Wenn die Regierung höhere Nettoeinkommen will, muss sie die Aufgaben reduzieren. Der Staat halst sich aber immer mehr auf: Elterngeld, Pflegeurlaub, Mütterkuren, Kinderkrippenzuschüsse.

Netto ist das, was am Ende übrig bleibt. Immerhin das haben die Sozialdemokraten inzwischen gelernt. Was sie noch nicht gelernt zu haben scheinen, ist, wer über die Differenz von Brutto- zu Nettoeinkommen bestimmt. Das sind nämlich der deutsche Bundestag, der Bundesrat und die Bundesregierung.

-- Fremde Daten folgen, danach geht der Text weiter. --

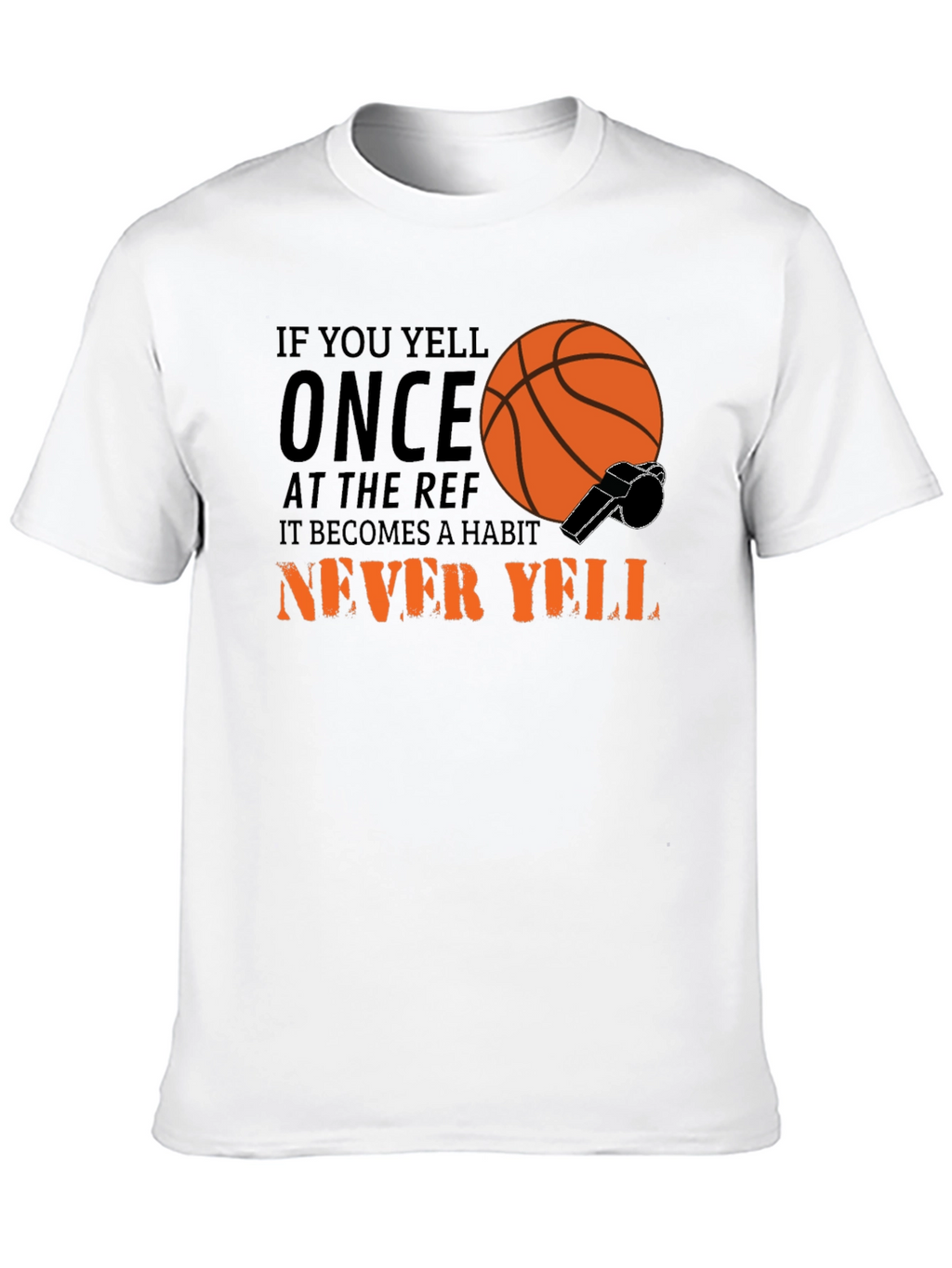 Basketball Ref T-Shirt - Never Yell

Mit jeder Entscheidung über Staatsaufgaben und -ausgaben, direkten Steuern und Sozialabgaben verändern sie das Verhältnis von Brutto und Netto.

Es ist schon bemerkenswert, mit welcher Unschuldsmiene der heutige SPD-Vorsitzende Kurt Beck die neue Nettolohndebatte kommentiert, mit welch arglosem Augenaufschlag Vizekanzler Franz Müntefering auf die vermeintliche Schocknachricht aus dem eigenen Haus reagiert, die Nettolöhne seien seit 1986 nicht gestiegen. Beide fordern Abhilfe, der eine will flächendeckende kräftige Lohnerhöhungen, der andere außerdem flächendeckende kräftige Mindestlöhne. Als ob das Problem darin läge, dass die Lohnentwicklung der vergangenen Jahre moderat war – das war der Reflex darauf, dass auch das Wirtschaftswachstum mehr als dürftig ausfiel.

Dagegen hätten Franz Müntefering, Kurt Beck und alle, die jetzt klagen, Gelegenheit, dem Bürger mehr Netto zuzugestehen. Die Arbeitslosenversicherung könnte ihre Beiträge problemlos senken, eine ordentliche Gesundheitsreform hätte dasselbe bei der Krankenversicherung bewirkt. Würde die Koalition bei der Pflege das Nötige tun, würde sie auch hier Sorge tragen, dass mehr Netto übrig bleibt. Ganz zu schweigen davon, dass der Staat sich von Aufgaben trennen könnte, um die Einkommen zu entlasten.

Das tut er aber nicht, im Gegenteil: Er halst sich immer mehr auf. Elterngeld, Pflegeurlaub, Mütterkuren, Kinderkrippenzuschüsse zum Beispiel sind sicher sinnvolle Dinge. Sie bleiben aber nur dann dauerhaft ohne Einfluss auf die Nettoeinkommen, wenn der Staat woanders sein Engagement zurückfährt. Dazu aber fehlt die Kraft. Deshalb ist es mehr als albern, wenn ausgerechnet die jetzt Feuer schreien, die seit Jahren mit dem Flammenwerfer unterwegs sind.

Franz Müntefering selbst bietet das beste Beispiel. Mit der problematisch strukturierten Dauersubventionierung des Niedriglohnsektors sorgt der Arbeitsminister im eigenen Ressort mit dafür, dass es sich für viele überhaupt nicht mehr lohnt, eine Teilzeitstelle gegen einen Vollzeitjob einzutauschen. Auch das drückt das Durchschnittsnetto. Die Minijobs abschaffen? Das wagt niemand, auch der Arbeitsminister nicht.

Es ist eine Tatsache, dass die Arbeitnehmereinkommen in den vergangenen 20 Jahren die besten Finanzierungsquellen für den Staat waren. Angefangen von der deutschen Einheit über allerlei Zusatzaufgaben für die Sozialversicherungen haben die Beschäftigen im Wesentlichen die Rechnung für politisches Handeln bezahlt. Wer es ernst meinte mit dem Schlachtruf „Mehr Netto!“, täte ein wirklich gutes Werk. Doch in dieser Hinsicht ist absolut nichts zu befürchten.